How do you add meter offset to

- CesiumgeoReference.OriginalLatitude
- CesiumgeoReference.OriginalLongitude
- CesiumgeoReference.OriginalAltitude

I have a data file that I’m iterating over, it has 6 DOF data in it, but the latitude, longitude, altitude data from the source file is in meter offsets from origin. So basically, in the beginning everything in the source file starts out at 0,0,0. Over time, the values increase in meters.

I thought I could just add the meter data to the original lat/long/alt but that does not seem to work as I had hoped.

```
curLat = CesiumGeoreference->OriginLatitude + curSourcePoint.DOF_Latitude;
curLng = CesiumGeoreference->OriginLongitude + curSourcePoint.DOF_Longitude;
curAlt = CesiumGeoreference->OriginHeight + curSourcePoint.DOF_Altitude;
```

then run it through

`glm::dvec3 ueCoords = this->CesiumGeoreference->TransformLongitudeLatitudeHeightToUnreal( glm::dvec3( curLat, curLng, curAlt) );`

But, I’m getting some WAY off numbers out of that. So, my question is pretty simple, I hope, how do you add meter offset values to a CesumgeoReference original lat/long/alt

Thanks all

You’ll probably need to be a bit clearer about what exactly these meter offsets from the origin represent. For example, a longitude offset in meters… We can assume that a value of 1000 here means 1000 meters East of the origin. But does that follow Earth curvature as well? Imagine a vector at the origin that points East. If we follow that vector for 1000 meters, we’ll end up at a higher altitude above the Earth than we started, because of the Earth curvature. So maybe we travel 1000 meters East but maintain a constant altitude by following a curved path? Or maybe 1000 meters doesn’t even really mean meters. If these are Easting and Northing values, then we’re talking about “meters” in a projected coordinate system roughly based on meters at the equator (I think, it may depend on the projection), so a single projected meter at a higher latitude will be less than a meter in the real world.

So, it’s essential to define the meaning of your coordinate system precisely before we can try to use them in computations.

Basically, wherever the CesiumgeoReference is, I need to start from there and fly a drone. My file consists of thousands of points in it. Each point will contain a new offset in meters from the drones start point.

I have it working in a flat UE level no problem, but now I need to modify it so that we can use it with cesium. Follow the curvature of the earth. Realistically, we could probably do it all in one tile, or even in a UE level, but we want to use a Cesium map/world.

So, if I have a CesiumgeoRef object and original data is at

Original Latitude : -37.766681

Original Longitude : 144.93267

Original Altitude : 25

I need to be able to add from that start point, a new offset in meters for each new data point I get out of the pre recorded file.

So, my first point I may have an offset of 1.2 meters lat, .0567 meters long and maybe 1.4 meters altitude.

Then the next data point will build on that. Every row in the file has a different offset from origin for each of the DOF.

Does that help clarify? Do you guys have a built in function to do this? Add an offset for each value?

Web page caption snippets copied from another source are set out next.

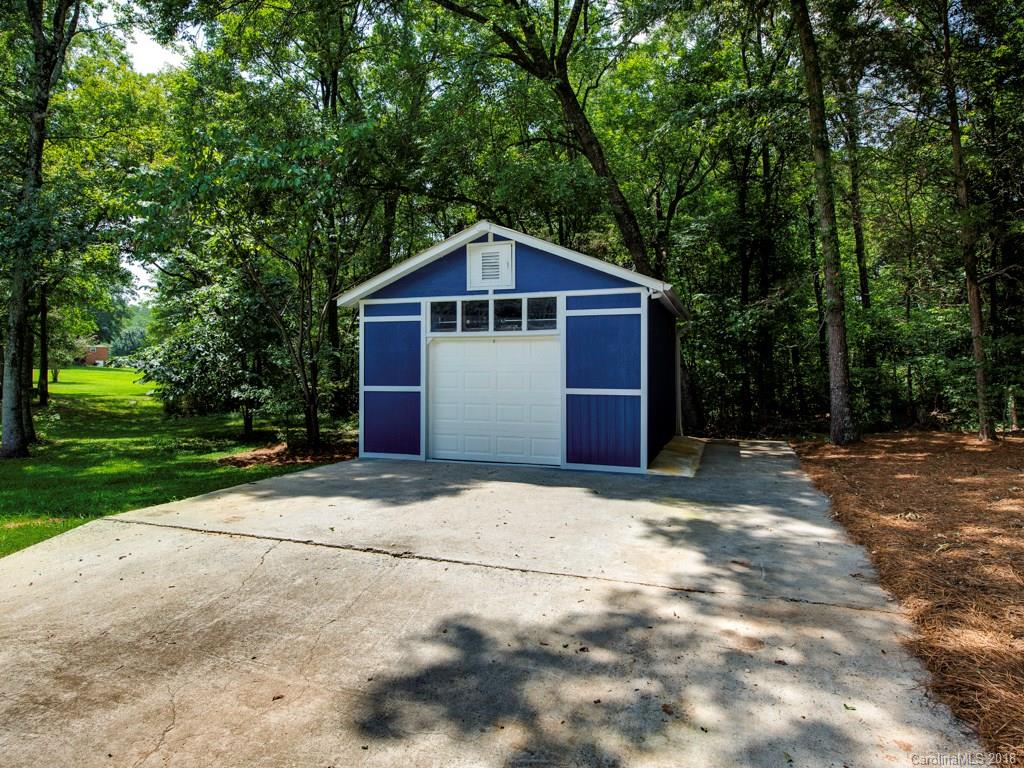 1722 Gemway Drive Charlotte NC 28216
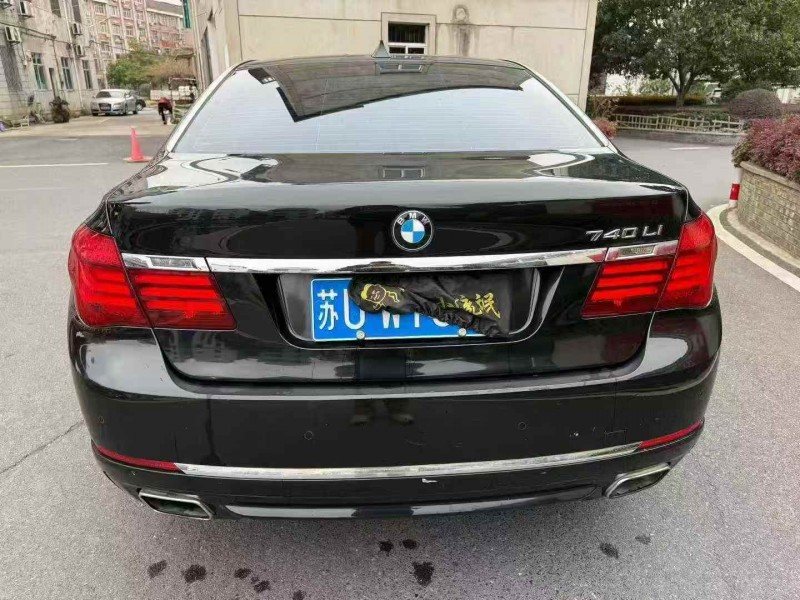 嘉兴14年宝马7系8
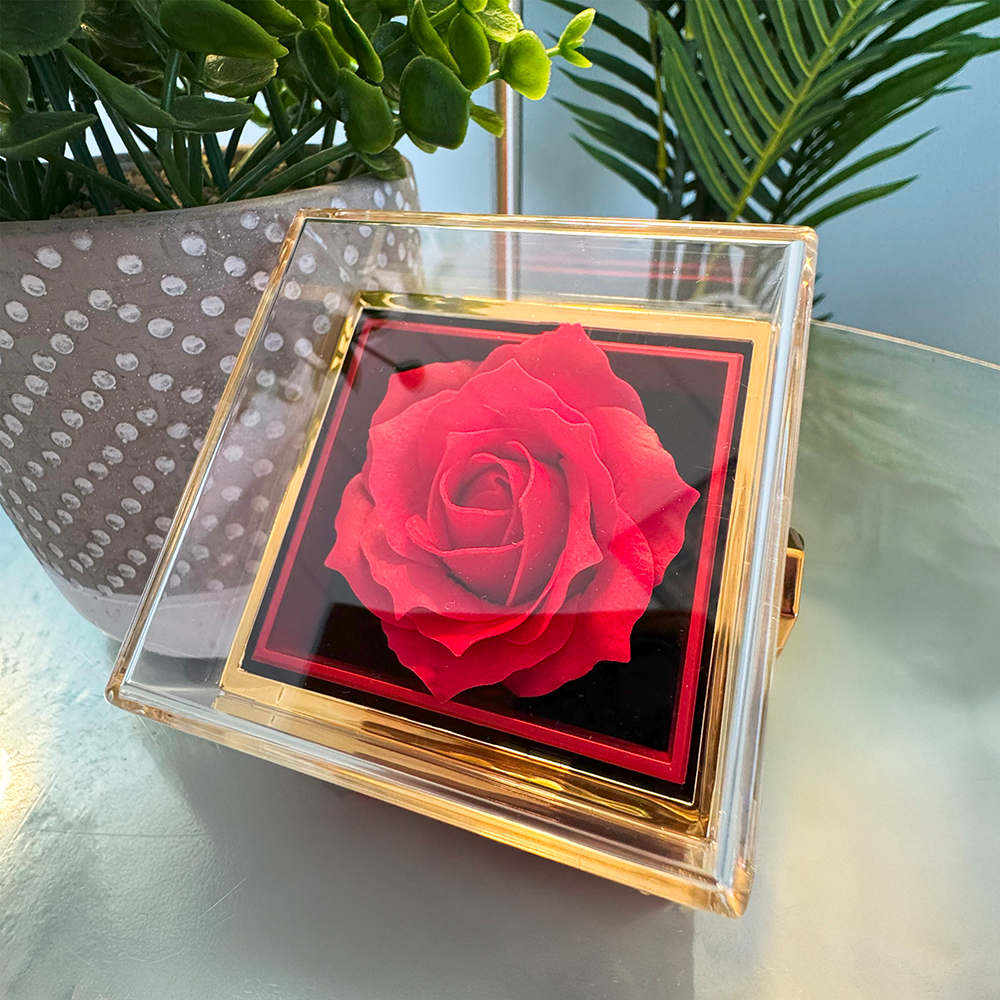 To My Wife Promise Knot Necklace (FREE ROTATING ROSE GIFT BOX)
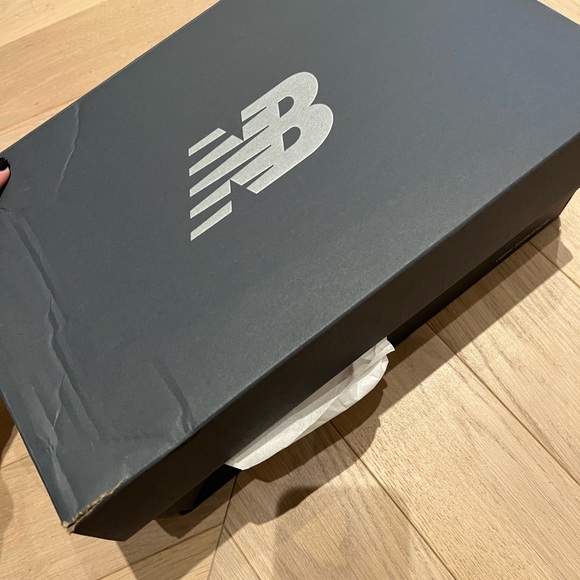 New balance 550 white and grey size 11 - Picture 4 of 5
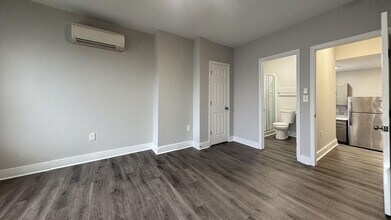 1235 W Huntingdon St in Philadelphia, PA - Building Photo - Building Photo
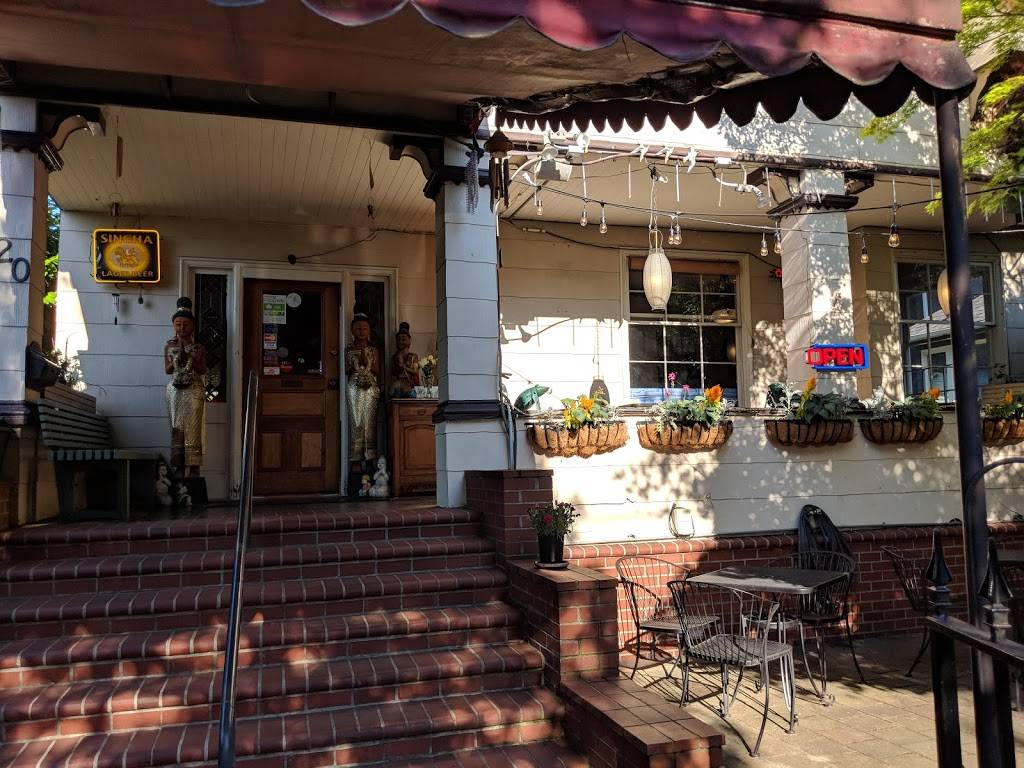 The Thai Kitchen | restaurant | 2220 Queen Anne Ave N, Seattle, WA 98109, USA | 2062858424 OR +1 206-285-8424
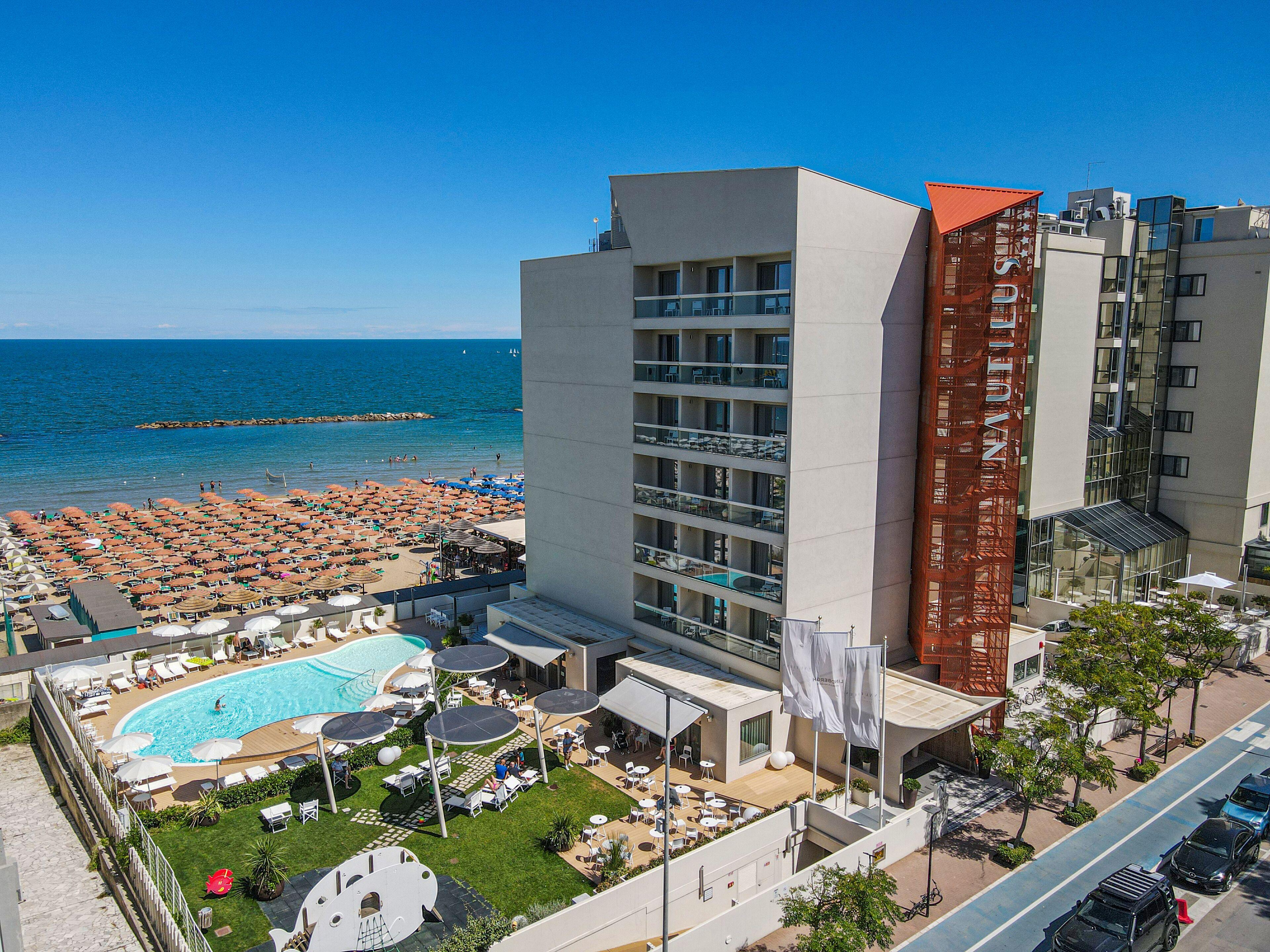 4 Seafront Hotels Close to Parco Naturale Monte San Bartolo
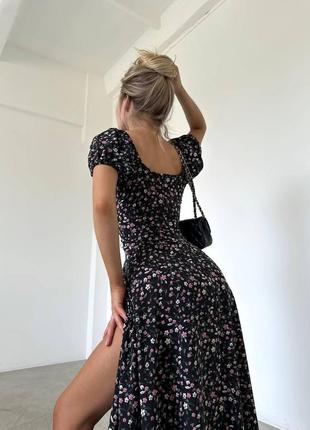 Стильное нежное летнее женское платье цветочное софт принт с коротким рукавом и разрезом7 фото
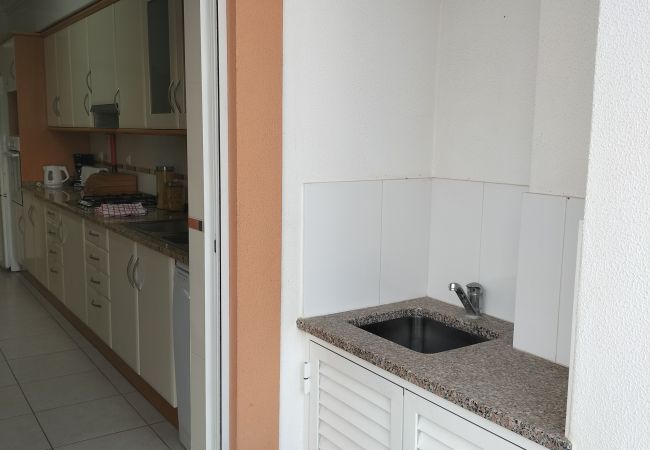 Apartamento em Quarteira - T2 Infante AC 201 wifi Garagem 50m Praia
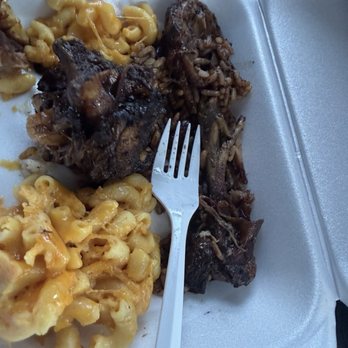 Reggae Rail - Mac and cheese with Oxtail - Caribbean Near Me - Tallahassee, Florida Reggae Rail - Mac and cheese with Oxtail - Caribbean Near Me - Tallahassee, Florida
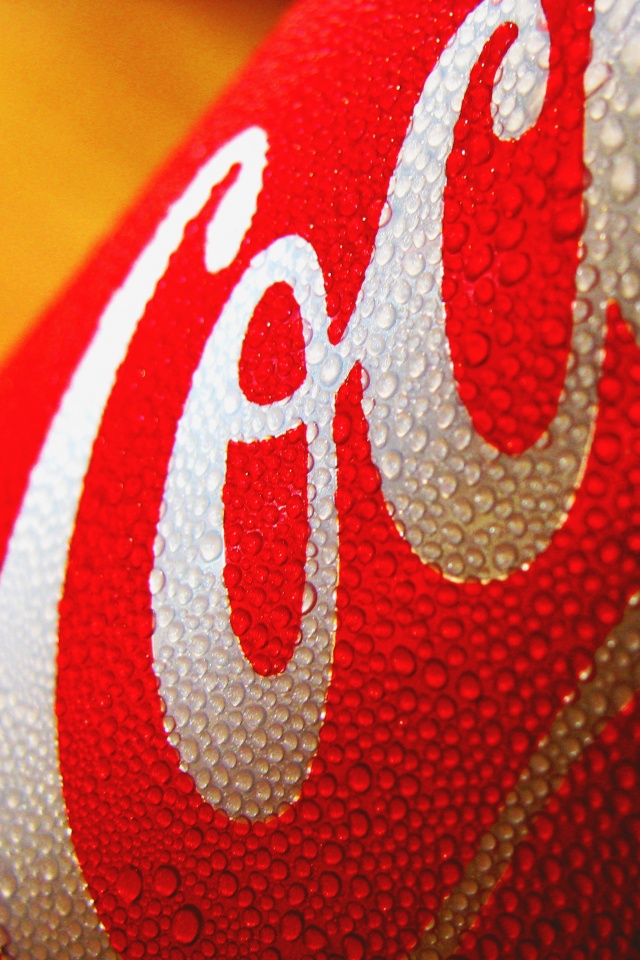 Запотевшая банка Кока-Колы обои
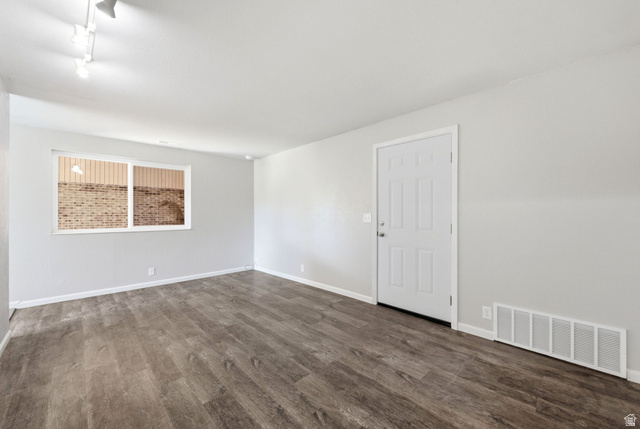 768 N Redwood Rd #18, Salt Lake City, UT 84116, photo 2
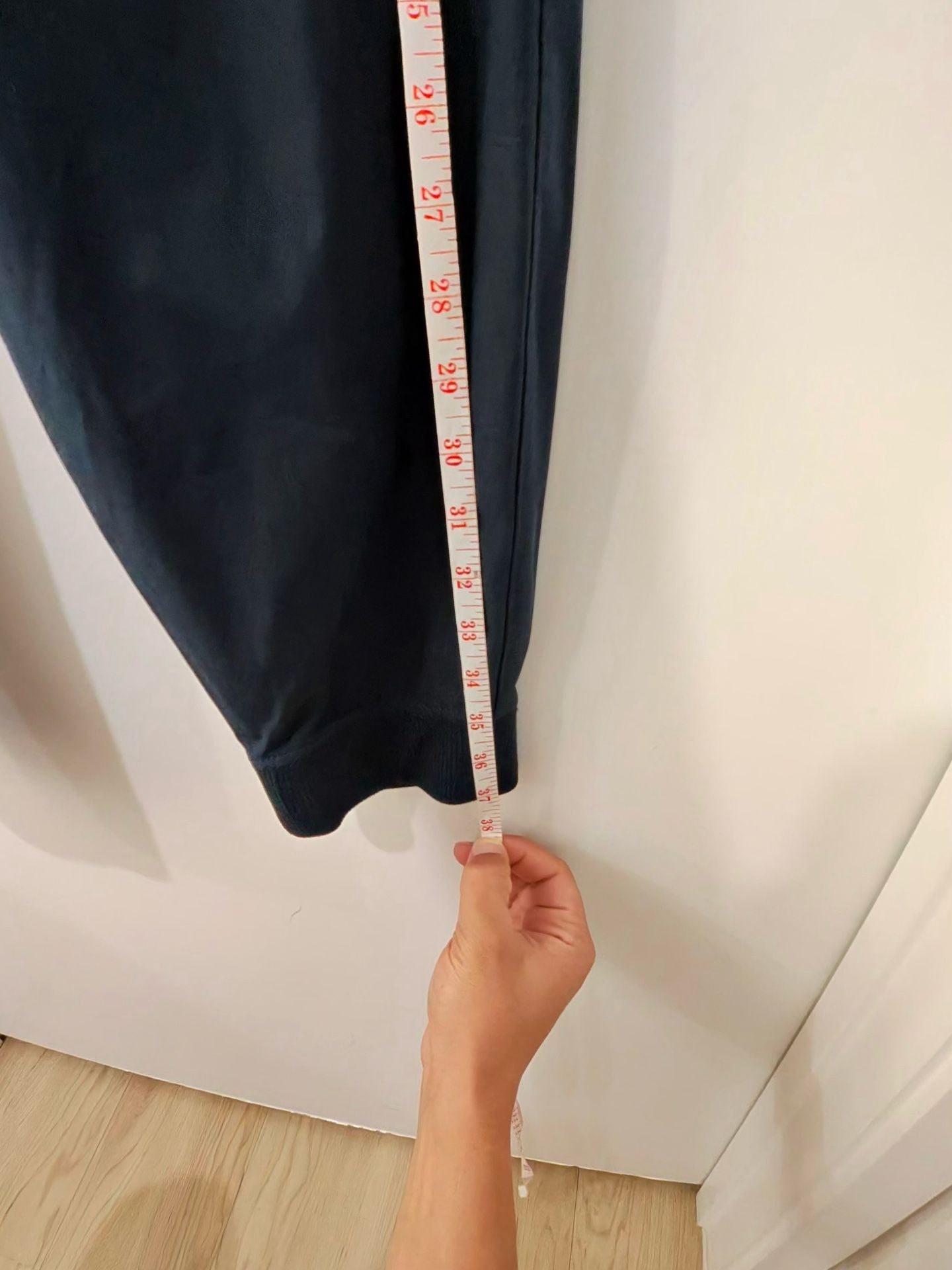 Vuori The Rise The Shine Joggers Size Medium 8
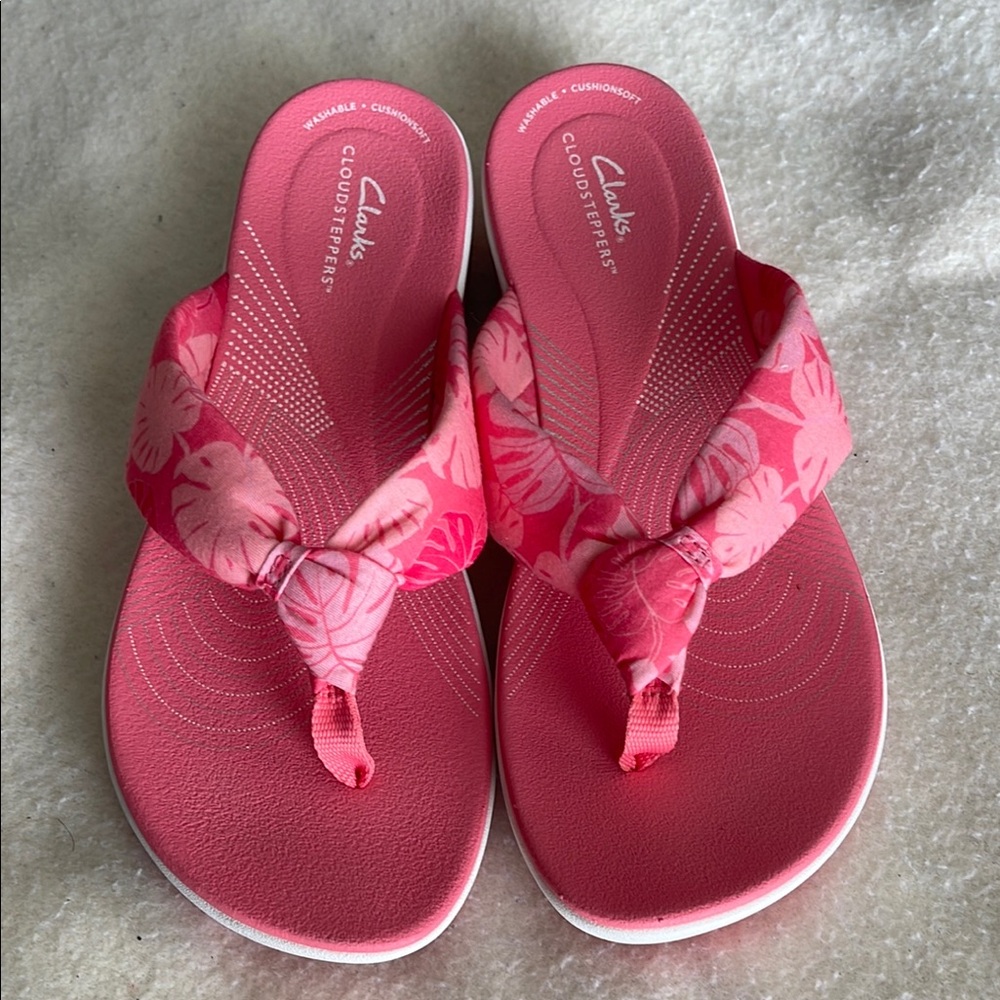 Clarks Pink Sandals with Cushioned Footbed and Braided Straps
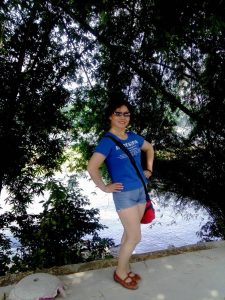 熟姐红土地穿牛仔热裤露白腿在桂林玩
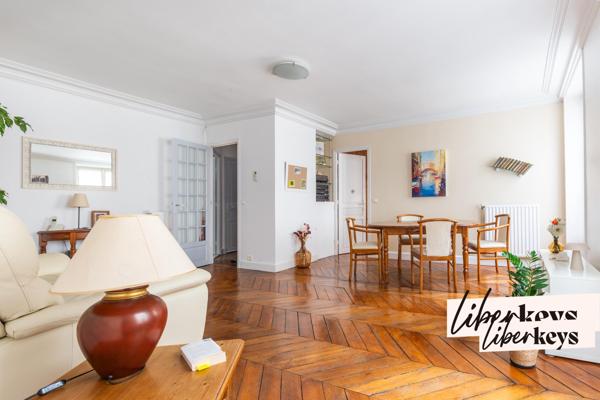 Appartement traversant de 4 pièces de 89 m² - Métro Hôtel de ville - Paris 4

No, you haven’t resolved the ambiguity. But if you don’t care too much about the details needed to achieve precise locations, it’s easy to do: just add your offsets after you convert to Unity coordinates.

Something like:

```
// Note that longitude is first!
// Also note that this is just going to return (0.0, 0.0, 0.0)
// because the whole point of the CesiumGeoreference is to make the
// given longitude/latitude/height the origin of the UE coordinate system.
glm::dvec3 ueOrigin = this->CesiumGeoreference->TransformLongitudeLatitudeHeightToUnreal(glm::dvec3(
CesiumGeoreference->OriginLongitude,
CesiumGeoreference->OriginLatitude,
CesiumGeoreference->OriginHeight));
// UE coordinates are East (X), South (Y), Up (Z)
glm::dvec3 ueOffset =
ueOrigin +
glm::dvec3(
curSourcePoint.DOF_Longitude,
-curSourcePoint.DOF_Latitude,
curSourcePoint.DOF_Altitude) * 100.0;
```

Now you can use that `ueOffset`

as the coordinates of the object *in Unreal world coordinates*.

The `* 100.0`

is necessary because UE coordinates are in centimeters, whereas your offsets are in meters.

The negative sign on the latitude is necessary because latitude is positive to the North but the UE coordinate Y axis is positive to the South.